In assessing which components of the intervention was most impactful, our study design faced the challenge that parents ultimately self-selected whether they would obtain a playpen or have their child actually attend a creche. By comparing groups of households by treatment category we sought to minimize the role of selection bias under the assumption that factors driving parental choices would remain constant. Subject to these caveats we found that creche was effective in reducing the risk of drowning for all children aged 12–47 months. The only previous study conducted to test the effectiveness of a crèche for drowning prevention had also concluded that the crèche was effective for reducing drowning deaths among children 1–5 years, with a similar effect size as found in our study (Rahman et al. 2012). However, the crèche package tested in that previous study combined other interventions such as playpens for younger children < 18 months, social autopsy, community education provided through injury committees and home hazard risk assessments, and was not able to demonstrate the effect of the various components of the intervention package targeted to children of different age groups (Rahman et al. 2012). In this study, we separated the creche package of interventions from the prior study into three streamlined intervention components: playpen-only, creche-only, and creche plus playpen, and combined each with community education provided by injury prevention committees. Further, we have attempted to determine the independent effect of these constituent components for drowning prevention among under-five children of different ages. We have also examined the effect of the creche component on a much larger scale (including over 100,000 children compared to about 18,500 children in the previous study). Hence, this current study moves the knowledge in the drowning literature closer to showing independent effectiveness of the crèche for drowning prevention.

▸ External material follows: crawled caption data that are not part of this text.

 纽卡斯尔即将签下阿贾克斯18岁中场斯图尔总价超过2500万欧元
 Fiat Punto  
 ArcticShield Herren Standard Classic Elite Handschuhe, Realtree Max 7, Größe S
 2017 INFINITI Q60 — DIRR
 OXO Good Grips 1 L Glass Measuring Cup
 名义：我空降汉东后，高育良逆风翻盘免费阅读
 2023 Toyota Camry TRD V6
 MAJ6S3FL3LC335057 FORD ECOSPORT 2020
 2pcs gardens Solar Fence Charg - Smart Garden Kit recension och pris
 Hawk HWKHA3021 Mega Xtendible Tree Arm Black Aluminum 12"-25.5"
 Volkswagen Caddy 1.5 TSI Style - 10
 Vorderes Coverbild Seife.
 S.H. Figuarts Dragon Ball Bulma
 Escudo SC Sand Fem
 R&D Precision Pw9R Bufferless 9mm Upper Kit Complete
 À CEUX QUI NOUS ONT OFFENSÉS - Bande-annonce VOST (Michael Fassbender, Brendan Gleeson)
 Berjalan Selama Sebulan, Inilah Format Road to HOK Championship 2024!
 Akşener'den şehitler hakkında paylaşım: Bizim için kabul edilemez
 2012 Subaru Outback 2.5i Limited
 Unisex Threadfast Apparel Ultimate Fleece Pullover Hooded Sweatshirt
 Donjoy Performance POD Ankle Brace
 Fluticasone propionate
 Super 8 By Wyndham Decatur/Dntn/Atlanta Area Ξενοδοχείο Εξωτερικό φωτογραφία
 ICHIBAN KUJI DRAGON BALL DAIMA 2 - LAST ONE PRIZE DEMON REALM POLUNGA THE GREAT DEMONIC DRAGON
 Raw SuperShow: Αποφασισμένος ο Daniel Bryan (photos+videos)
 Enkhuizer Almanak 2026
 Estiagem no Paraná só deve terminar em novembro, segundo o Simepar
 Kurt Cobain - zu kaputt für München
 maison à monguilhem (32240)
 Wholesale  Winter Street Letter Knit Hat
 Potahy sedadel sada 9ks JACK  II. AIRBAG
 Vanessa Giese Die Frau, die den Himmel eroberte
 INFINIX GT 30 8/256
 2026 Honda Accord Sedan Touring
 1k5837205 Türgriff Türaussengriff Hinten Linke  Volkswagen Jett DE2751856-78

Drowning among under-five children in Bangladesh is age-dependent, and the drowning risk within different age intervals among under-five children is not equivalent (Ahmed et al. 1999). Hence, it is important to identify the differential effect of specific interventions on children of different age groups. The crèche was effective for drowning prevention among children aged 12–23 months, 24–35 months and 36–47 months. The crèche protective effect may be conferred via four main mechanisms during the peak daily period for drowning (9 am – 1 pm) in rural Bangladesh: 1) provision of a safe environment from water hazard for at-risk children (Sleet and Gielen 2007), 2) provision of increased level of supervision (with respect to proximity, attentiveness and continuity of supervision) (Saluja et al. 2004), 3) institutionalization of drowning risk perceptions and 4) eliminating variability in prevention practices across at-risk population (Hubbard 2009), and provision of safety education in a developmentally appropriate way (Bandura 1989). The creche intervention systematically partitions childhood drowning threats by time, space and activities by keeping the children engaged in the creches between 9 am – 1 pm (the peak daily period for drowning), and targets supervision resources (including risk avoidance and reduction) for handling those threats at the same level across all at-risk populations. Further reviews of our data showed that all deaths recorded for children under the crèche program were outside of the 9 am – 1 pm period when the children were not under the protective environment of the crèche. By the same mechanisms, the crèche is also able to protect children from other types of injury fatalities while providing long-term societal benefits (such as those seen in education and labor) resulting from early childhood development and livelihood activities (Richter et al. 2016; Nair et al. 2017). These positive externalities are important for a socially-engaged drowning prevention program, unlike the case with other drowning interventions e.g. pool fencing. Thus, extending the cross-sector benefits of early childhood programs to injury prevention provides an additional impetus for investment in such programs across LMICs (Richter et al. 2016).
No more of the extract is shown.